= Aim of the exercise =
Within the entries below, please return exactly the lines from the one with "Dog Adjustable Harness" through the one with "Resize of Rotation of DSCN0867.jpg", leaving out any pictures.

*** Dataset records Section Begins ***

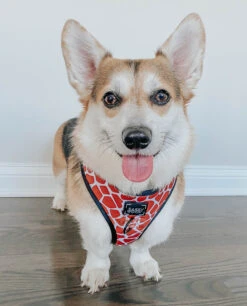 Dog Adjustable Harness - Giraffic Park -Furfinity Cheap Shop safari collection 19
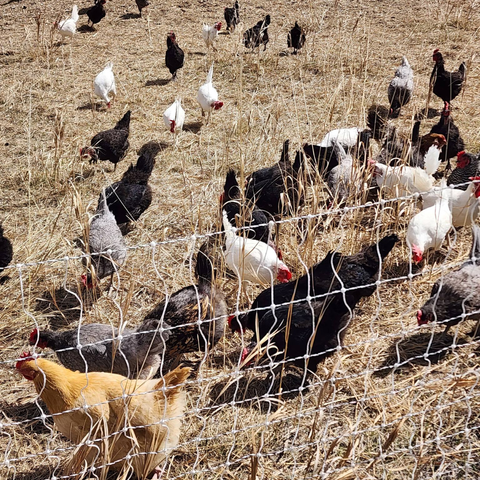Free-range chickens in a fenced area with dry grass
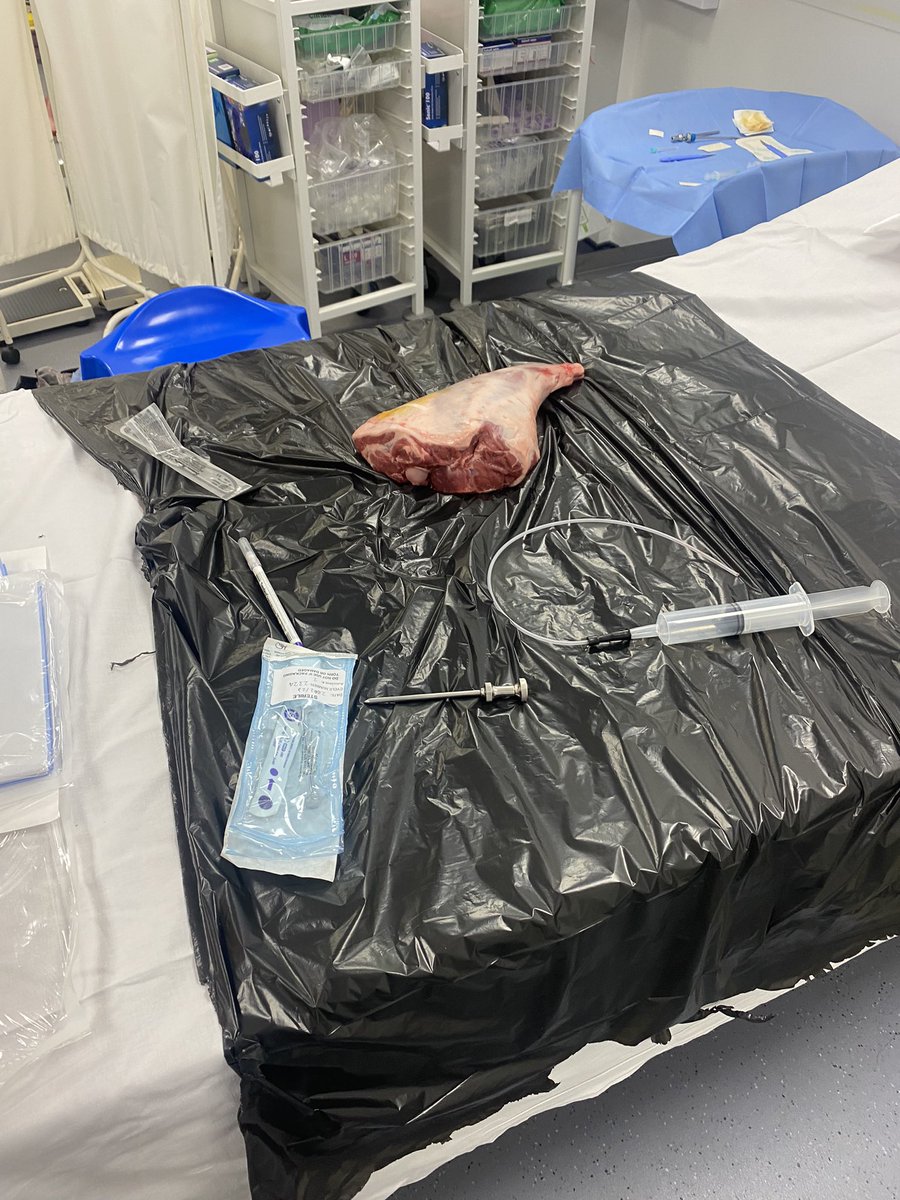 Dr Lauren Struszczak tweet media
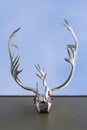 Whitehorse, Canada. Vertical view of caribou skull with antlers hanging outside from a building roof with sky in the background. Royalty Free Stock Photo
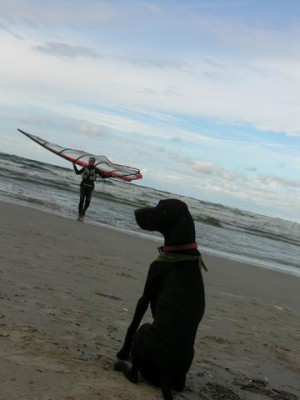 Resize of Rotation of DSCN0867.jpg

*** Dataset records Section Ends ***
*** Dataset records Section Begins ***

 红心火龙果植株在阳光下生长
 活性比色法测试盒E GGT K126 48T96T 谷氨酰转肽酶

*** Dataset records Section Ends ***

= Completed task =
 Dog Adjustable Harness - Giraffic Park -Furfinity Cheap Shop safari collection 19
Free-range chickens in a fenced area with dry grass
 Dr Lauren Struszczak tweet media
 Whitehorse, Canada. Vertical view of caribou skull with antlers hanging outside from a building roof with sky in the background. Royalty Free Stock Photo
 Resize of Rotation of DSCN0867.jpg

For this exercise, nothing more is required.